I always find it humorous that blacks believe Lincoln was their hero. Lincoln was a divisive racist and didn’t want freed blacks to remain in the US after the CW. Further, he only used the Emancipation Proclamation to free Southern backs in an effort to further erode the South’s power.

Before he was elected, Lincoln promised to preserve slavery as a constitutionally mandated permanent reality. Lincoln’s own words are an inconvenient truth that most Americans wish to ignore:

“I have no purpose, directly or indirectly, to interfere with the institution of slavery in the states where it exists,” he said, vowing never to defy what was “plainly written” in the Constitution. “I believe I have no lawful right to do so, and I have no inclination to do so.”


Further, during the war he continued to view slavery only as a tool to achieve victory over the South.

Written during the heart of the Civil War, this is one of Abraham Lincoln's most famous letters. Greeley, editor of the influential New York Tribune, had just addressed an editorial to Lincoln called "The Prayer of Twenty Millions," making demands and implying that Lincoln's administration lacked direction and resolve.

President Lincoln wrote his reply when a draft of the Emancipation Proclamation already lay in his desk drawer. His response revealed his concentration on preserving the Union. The letter, which received acclaim in the North, stands as a classic statement of Lincoln's constitutional responsibilities. A few years after the president's death, Greeley wrote an assessment of Lincoln. He stated that Lincoln did not actually respond to his editorial but used it instead as a platform to prepare the public for his "altered position" on emancipation.


Executive Mansion,
Washington, August 22, 1862.

Hon. Horace Greeley:
Dear Sir.

I have just read yours of the 19th. addressed to myself through the New-York Tribune. If there be in it any statements, or assumptions of fact, which I may know to be erroneous, I do not, now and here, controvert them. If there be in it any inferences which I may believe to be falsely drawn, I do not now and here, argue against them. If there be perceptable in it an impatient and dictatorial tone, I waive it in deference to an old friend, whose heart I have always supposed to be right.

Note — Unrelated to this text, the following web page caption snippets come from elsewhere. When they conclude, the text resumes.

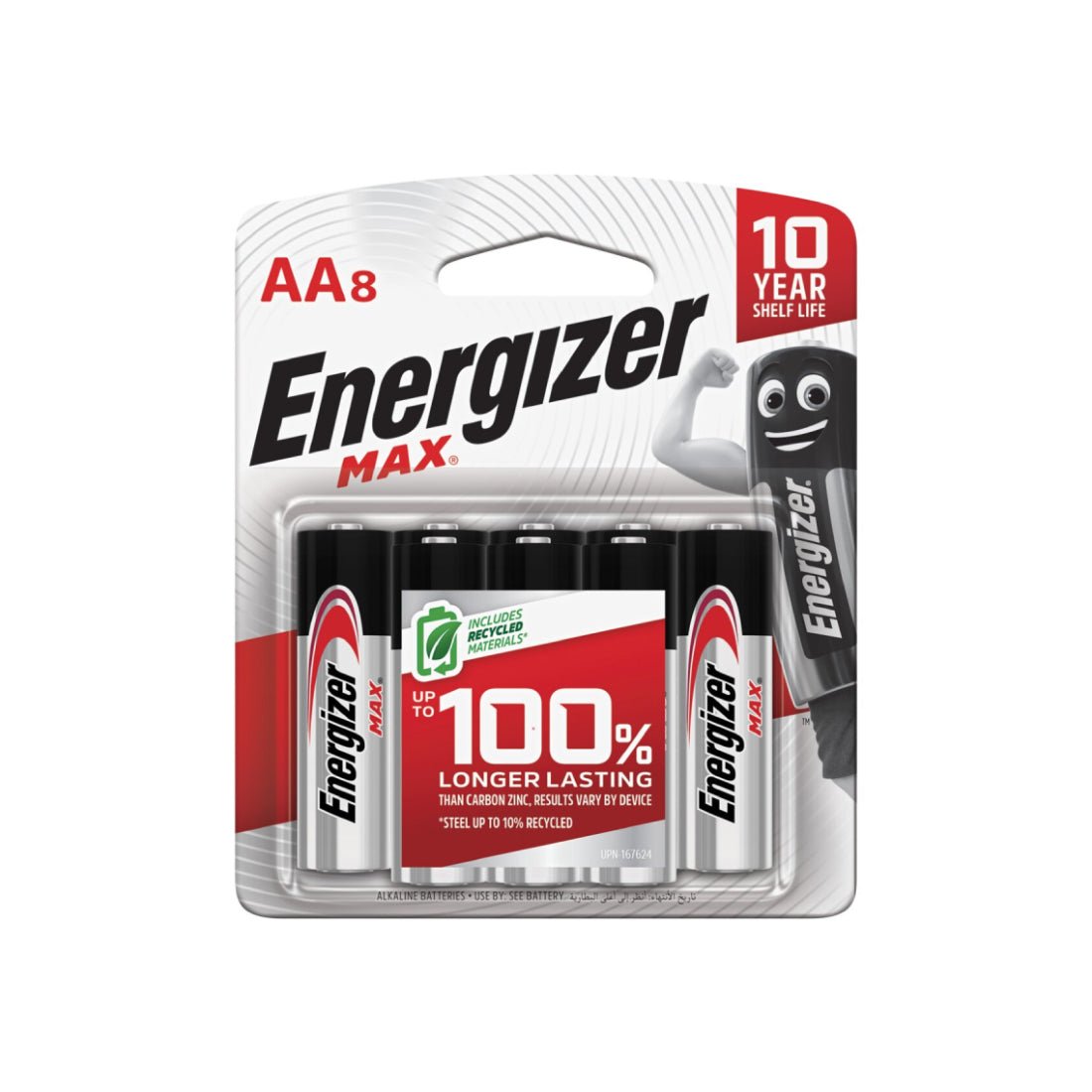 Energizer Max 1.5V AA Red Alkaline Battery - Pack of 8 - بطارية Energizer Max 1.5V AA Red Alkaline Battery - Pack of 8 - بطارية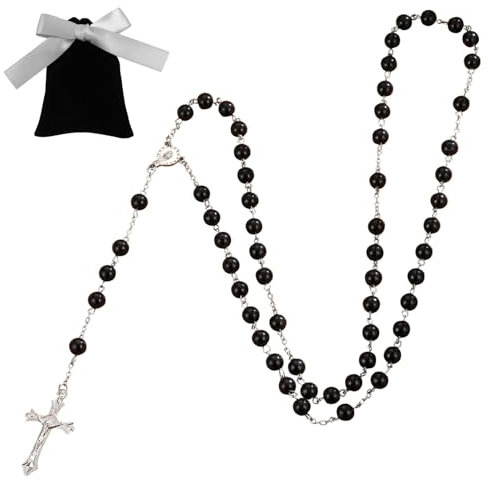 KIKVTER Rosenkranz Katholisch, Rosenkranz Kommunion Halskette, Kreuz Kette, Kommunion Gastgeschenk für Mädchen Jungen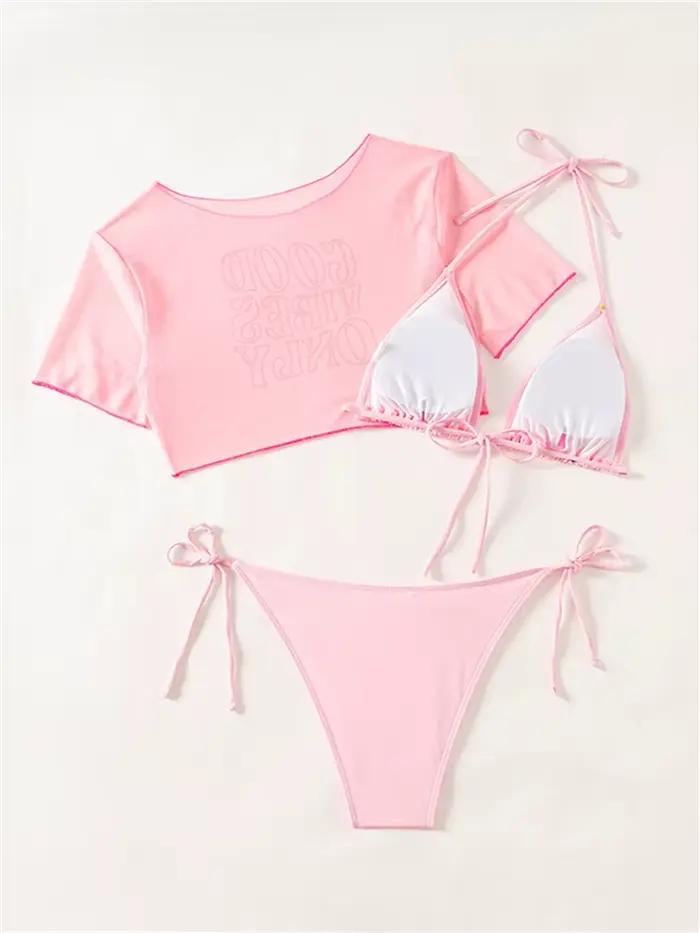 Bikini femme rose sexy à bretelles avec manches courtes et lettres, ensemble de plage estivale haut de gamme pour femmes occasions spéciales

As to the policy I "seem to be pursuing" as you say, I have not meant to leave any one in doubt.

I would save the Union. I would save it the shortest way under the Constitution. The sooner the national authority can be restored; the nearer the Union will be "the Union as it was." If there be those who would not save the Union, unless they could at the same time save slavery, I do not agree with them.

If there be those who would not save the Union unless they could at the same time destroy slavery, I do not agree with them. My paramount object in this struggle is to save the Union, and is not either to save or to destroy slavery. If I could save the Union without freeing any slave I would do it, and if I could save it by freeing all the slaves I would do it; and if I could save it by freeing some and leaving others alone I would also do that. What I do about slavery, and the colored race, I do because I believe it helps to save the Union; and what I forbear, I forbear because I do not believe it would help to save the Union.

I shall do less whenever I shall believe what I am doing hurts the cause, and I shall do more whenever I shall believe doing more will help the cause. I shall try to correct errors when shown to be errors; and I shall adopt new views so fast as they shall appear to be true views.

I have here stated my purpose according to my view of official duty; and I intend no modification of my oft-expressed personal wish that all men every where could be free.

Yours,
A. Lincoln.


In regards to his Presidency, Lincoln tread all over the US Constitution by suspending habeas corpus unilaterally. He ignored Congress and proceeded to arrest thousands of political opponents and suppressing the free press and free speech to a degree unmatched in U.S. history before or since. When Chief Justice Roger Taney of the Supreme Court held that the suspension was unconstitutional, Lincoln ignored him.


Lincoln should not be exalted by either side of the aisle. He should have been impeached for his actions.